Most home insurance policies have a deductible, meaning the homeowner pays a certain amount before the insurance company pays any part of the claim.
So if you have a $500 deductible, you'd pay $500 and the insurer would pay the rest of the claim amount.
However, a number of insurers are adding a new deductible to standard home insurance policies called a wind/hail deductible. As a result, any time your home is damaged due to straight-line winds from a thunderstorm or quarter-size hail, you'll have to pay that deductible before the insurer will cover the claim.
Wind/hail deductibles are the new normal when it comes to disaster risk, "especially due to losses associated with wind, rain and hail," says Mary Bonelli, a spokeswoman for the Ohio Insurance Institute.
Between 2007 and 2011, wind and hail accounted for the largest share of home insurance claims, according to the nonprofit Insurance Information Institute. In 2011, 46 percent of claims were a result of wind or hail, up from 36 percent in 2010.
"Insurers are looking at ways to reduce costs and keep policies affordable," Bonelli says. While some simply raise home insurance premiums, others use the deductibles as a way to pass some of the costs for storm-related damage over to you.
When were wind/hail deductibles introduced?
After Hurricane Katrina hit the U.S. in 2005, many insurers in states along the Gulf Coast and East Coast put hurricane deductibles in place, meaning homeowners would pay a certain amount out of pocket before the insurer paid money for hurricane damage.
Wind/hail deductibles are based on that concept. Costs of wind/hail deductibles are usually calculated in one of two ways, Bonelli says. Homeowners may pay a flat amount such as $1,000 or $2,000 per claim. Or, more commonly, homeowners may pay a percentage of their home insurance coverage, typically between 1 and 5 percent, according to the III.
For example, if you have $200,000 worth of home insurance coverage and your home is damaged by wind or hail, a 1 percent deductible would mean you'd pay $2,000 out of pocket for every wind- or hail-related claim. A 5 percent deductible would cost you $10,000.
Wind/hail deductibles are most common in states in and around Tornado Alley, a region in the central U.S. that typically experiences severe windstorms and hail. Tornado Alley states include Texas, Oklahoma, Kansas and Nebraska. Wind/hail deductibles are also found in other Midwestern states such as Ohio.

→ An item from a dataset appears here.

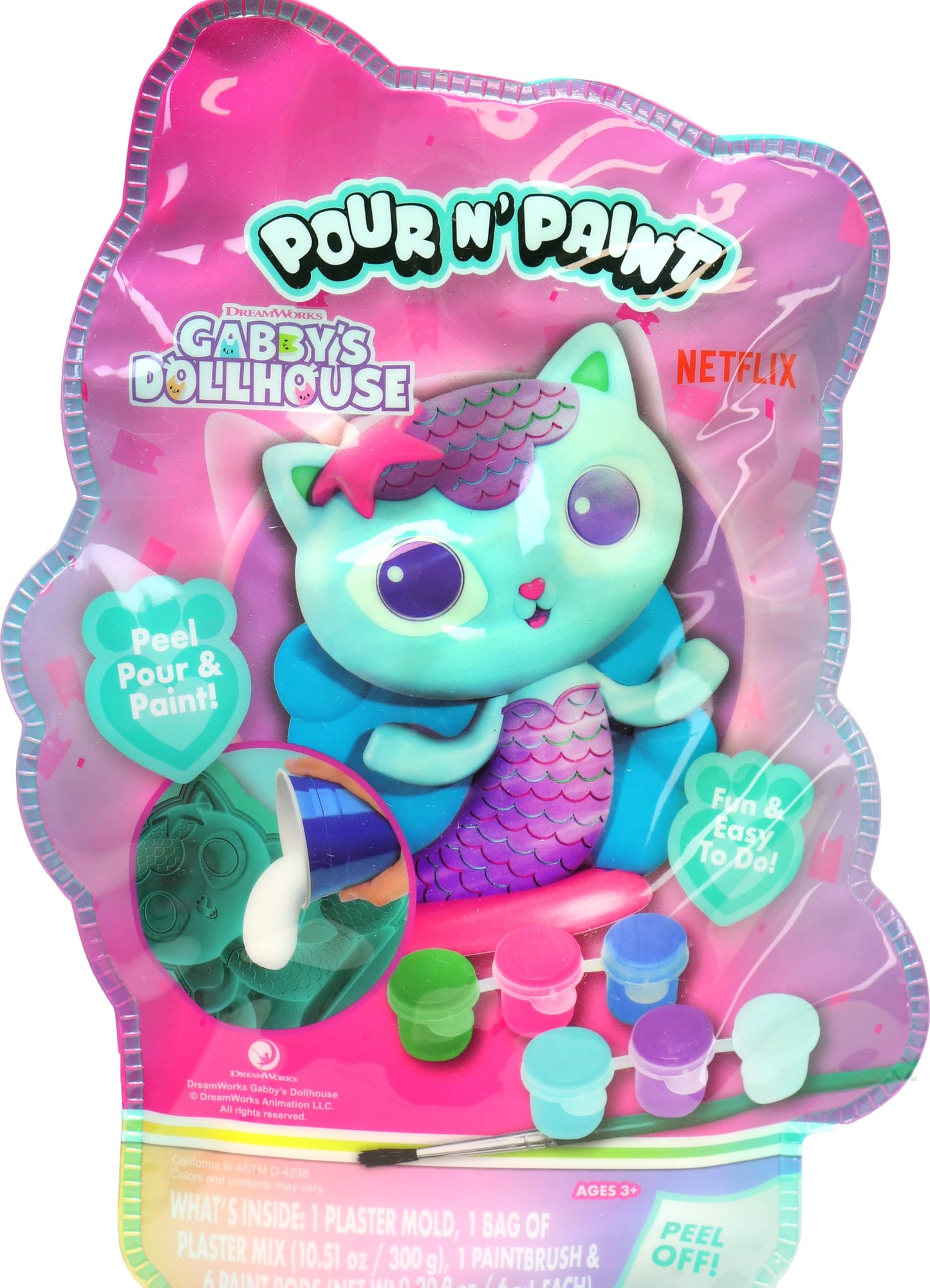 Tara Toy LLC Gabbys Dollhouse Mercat Pour N Paint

Are wind/hail deductibles bad for consumers?
While insurance companies say wind/hail deductibles are necessary to accommodate the costs associated with storm damage, consumers suffer as a result, some advocates say.
"I can't imagine a way that a separate deductible for wind and hail is helpful to the insurance consumer," says David Baria, a member of the Mississippi House of Representatives and a board member for nonprofit consumer advocacy group United Policyholders. It's just another way for insurers to cut down on their costs, he adds. The costs can also quickly stack up for consumers.
In areas of the U.S. that see frequent severe storms and tornadoes, it's becoming more difficult to avoid policies that have wind/hail deductibles, Baria says. In fact, Baria says, in some areas such as the Mississippi Gulf Coast, there are some home insurers that don't cover wind at all.
While providing no coverage for wind might keep premium costs down on a traditional home insurance policy, it doesn't protect residents in those areas from the real threat of wind damage. As a result, some states have established funds that provide wind insurance for homeowners who can't get it as part of their home insurance policy.
The Texas Windstorm Insurance Association and the Mississippi Windstorm Underwriting Association are two last-resort insurers. However, purchasing wind insurance policies through these associations can be expensive.
For example, rates for windstorm insurance through the Mississippi Windstorm Underwriting Association can be as much as $1.43 per $100 in coverage. That translates to $2,860 a year for $200,000 in coverage.
How you can manage a wind/hail deductible
If you do live in a region that's prone to windstorms, there are steps you can take to be proactive, Baria advises.
1. Read your policy.
Insurers are required by law to advise customers of changes to their policies. However, if you don't read your renewal notice, you could miss additional deductible information, Baria says.
2. Ask your agent.
If you're unsure about what your home insurance covers -- and what it doesn't -- ask your agent or broker, Baria says. While you may expect your agent would tell you about wind/hail deductibles, "sometimes they don't do an adequate job of explaining all of the nuances of the policy," Baria says.
3. Be prepared.
Catastrophes happen. "No matter where you live in the United States, you're just a couple of years away from some major catastrophic event," Baria says. If your policy requires a wind/hail deductible, make sure you have the money saved up so you'll be able to pay it when that disaster actually occurs.